Greeting the new year

Greeting the new year

As one year comes to a close and another begins it's natural to think about how we want to be better next year. Many of us make New Year's resolutions or look back on the past year focusing on our shortcomings. We might resolve to lose weight, meditate, and be more organized. The problem is that these are focused on things we identify as deficiencies.

Why do we focus on our weaknesses?  A study from 2016 found that we tend to see weaknesses as more changeable than strengths. The good news is that the opposite is true. There is a better way.

Studies have shown that we grow faster when we focus on developing our strengths.  Not only that, people who focus on improving their strengths are more confident, less anxious, and happier.

This could be because most of us have a pretty harsh inner critic whispering in our ears all day long. If we keep our strengths front of mind we counter that voice and keep in mind what's really true about us.

What if we focused on the strengths and behaviors that are already supporting our goals? We could start by noticing the small things we did that day that we feel good about. We could note, for example, that we ate a healthy breakfast, made a meditation out of a daily chore, or wrote a to-do list at the beginning of the day.

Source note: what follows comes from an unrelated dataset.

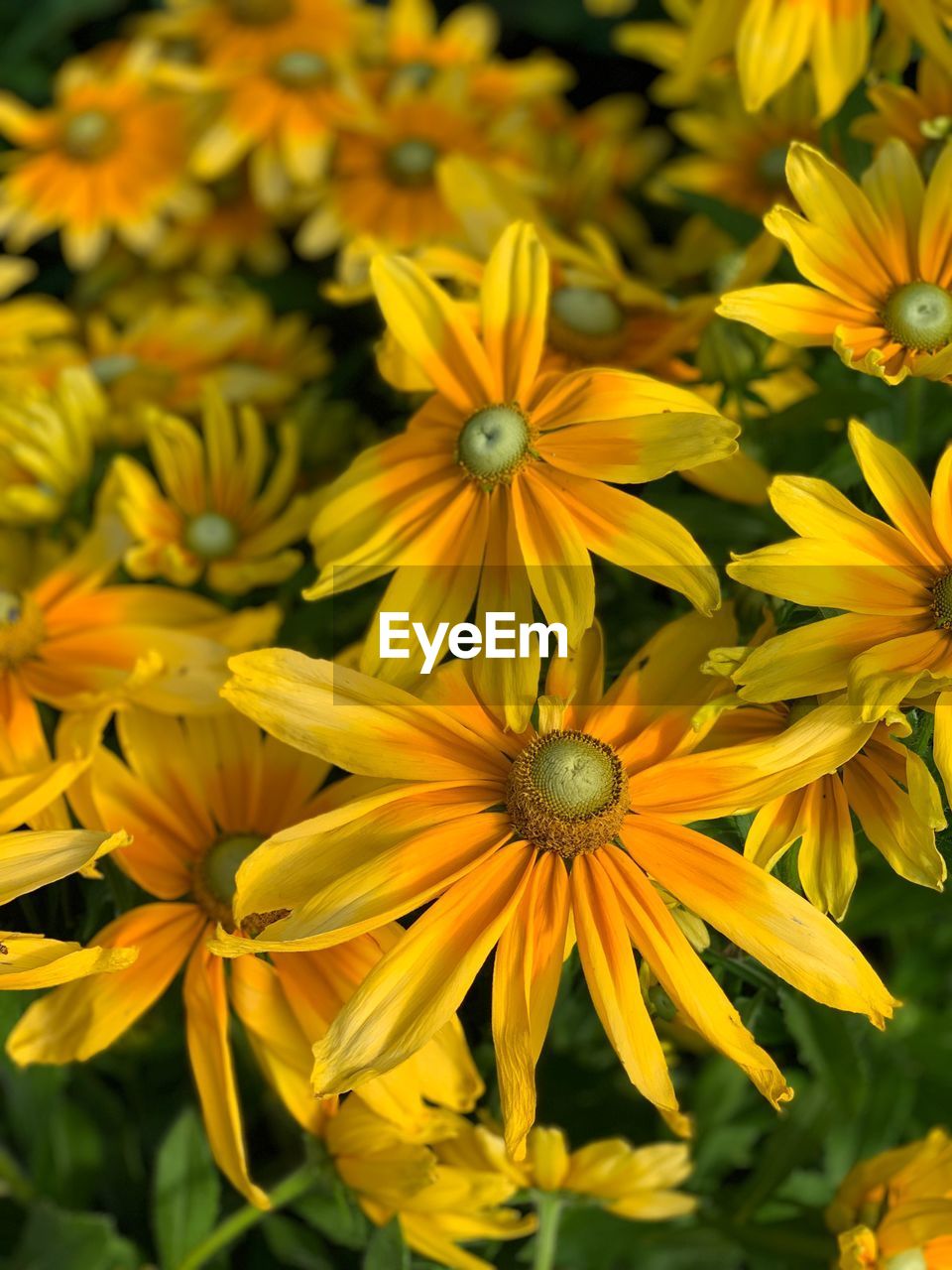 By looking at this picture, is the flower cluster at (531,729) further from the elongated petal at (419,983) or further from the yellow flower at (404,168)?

Where attention flows energy goes.  -James Redfield

If we practice this, over time we might see that we're doing better than we thought. We notice strengths we can build on.

For me, that meant noticing that I have created a very productive morning routine but that by four o'clock I'm done.  Instead of having some caffeine in the afternoon to extend my work day, I focused on using my already effective morning routine to front-load my day.

In Practice

I use the 5 Minute Journal to jot down three things I am grateful for every morning. In the evening there are three slots for Highlights of the Day. In this space, I write three things I did that day that I feel good about. Yesterday it was:

  • I sent an encouraging text to someone who needed it.
  • I spent time reading and learning.
  • I stopped and watched the crows fly by my window and marveled at their grace.

Instead of wishing I was a kinder person, more committed to learning, or more present to the small joys of life, I make a point of noticing times when I already exhibit those qualities. I feel a little happier with myself, a little more satisfied with my life, and a little more optimistic. Meanwhile, those qualities are strengthened by the simple act of noticing them.

At the end of each year, I write an entry in my journal on the things that went well, what I learned and how I grew in the past year.

Try it

Don’t take my word for it; see and test for yourself” The Buddha

If building on your strengths resonates with you, try noting the things you did well at the end of each day for a week.  What did you discover about yourself?